I am a Steveston resident who has taught secondary biology, chemistry, history and geography in Richmond for over three decades. Although I am retired from high school (it took me 33 years to graduate) I now teach science education and the principles of teaching at the University of British Columbia.
Most of the wines I review are in the 'affordable' $10 - $25 range, wines that are within my teacher budget and probably the budget of most of you. I appreciate that reviewing wine is not a scientific enterprise. It is quite subjective. Robert Parker, of Wine Advocate fame, has a bias towards big and fruity wines and gives higher scores to those that suit his palate. That is like thinking Moonlight Sonata will be better if you amplify a piano and make the music much louder. Consumers are also influenced by a wine's label, when or where you are tasting the wine, the order of a tasting....so many factors that make reviewing more a personal thing. I don't claim to be an "expert" and I don't have a Masters of Wine. But since the 1970's, I have tasted thousands of wines on my own, in my wine appreciation classes, and at professional tastings. I certainly have a solid background on what makes a wine, fine, but I admit I have biases.
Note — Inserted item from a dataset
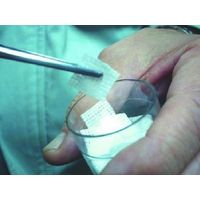 エスコ 200mm [直]ロックピンセット EA595LA-23 1セット(3本:1本×3個)（直送品）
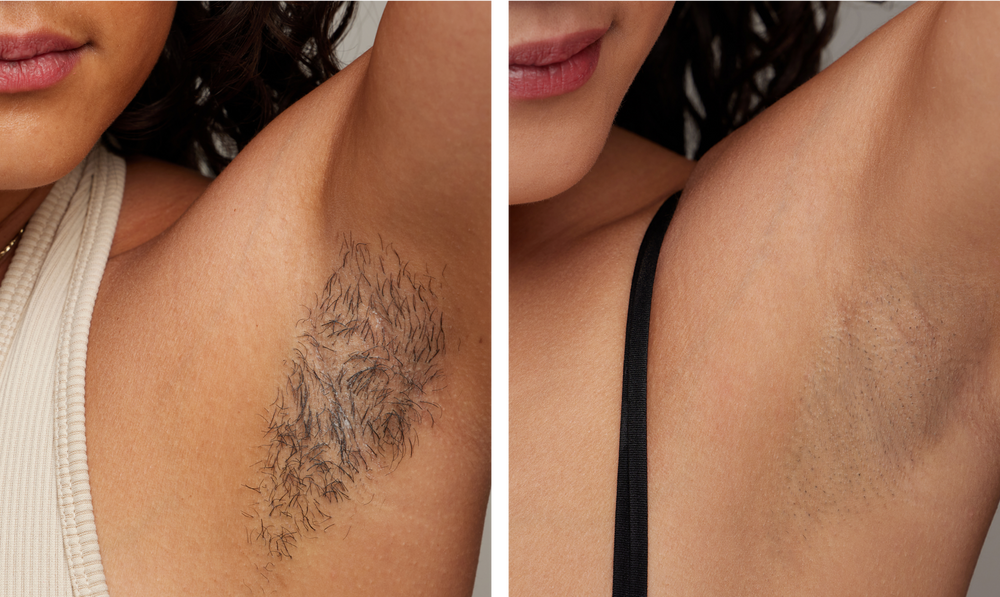 Before and after underarm hair removal comparison on a woman, showing a significant reduction in hair for smoother skin.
Its very trendy to score wines out of 100 points based on several factors such as smell, taste, balance, finish, etc. Critics of this quantitative marking scheme point out that art critics never assign a grade for the Da Vinci's Mona Lisa. I agree with them and I am keeping my ratings simple. I only have three categoies. Hightly Recommended are first class, excellent wines that deserve an A which I would rate in the high 80's or 90's if I wanted to be a member of the scoring guild. Recommended is still worth trying, very good, B+, mid 80 points. Good is not a strong recommendation, but a decent C+. I don't plan on panning any dogs as I just won't waste my time or my blog's space reviewing them.
One of the reason's I have had a fascination for wine is because it encompasses so many subjects that I love: chemistry, biology, history, georgraphy, travel, food, cooking, and of course discovering something new. I also had the good fortune to teach in Adelaide, South Australia, smack dab in the middle of the wine country. That year Down Under with hundreds of wineries at my doorstep, really immersed me in the enchanting world of wine.
Returning to Richmond, I worked seven years on air at CISL Radio and hosted a daily wine show. There I was able to meet wine personalities from around the globe and taste a tsunami of wines that as a teacher, I would not be able to afford. During that time, I also worked as a freelance wine journalist for the BCLDB and local newspapers. Since 1989, I have pursued my affair with wine, teaching night school wine appreciation throughout Metro Vancouver, including Richmond, Burnaby, Surrey, New Westminster, Langley, Vancouver, Capilano University, and UBC. In my continuing education courses,
I try to bring my passion for the grape and my experience teaching to my adult students who just want to discover what’s so fascinating and enjoyable about wine. My secret is to keep things simple: let people taste lots of different wines, throw in a bit of education, and keep it fun. My favourite wine? The one I'm opening next! I love adventure and life-long learning; enjoying wine provides plenty. I hope this little blog will provide you with ideas and tips that will encourage you to discover more on this fascinating subject. Cheers!!!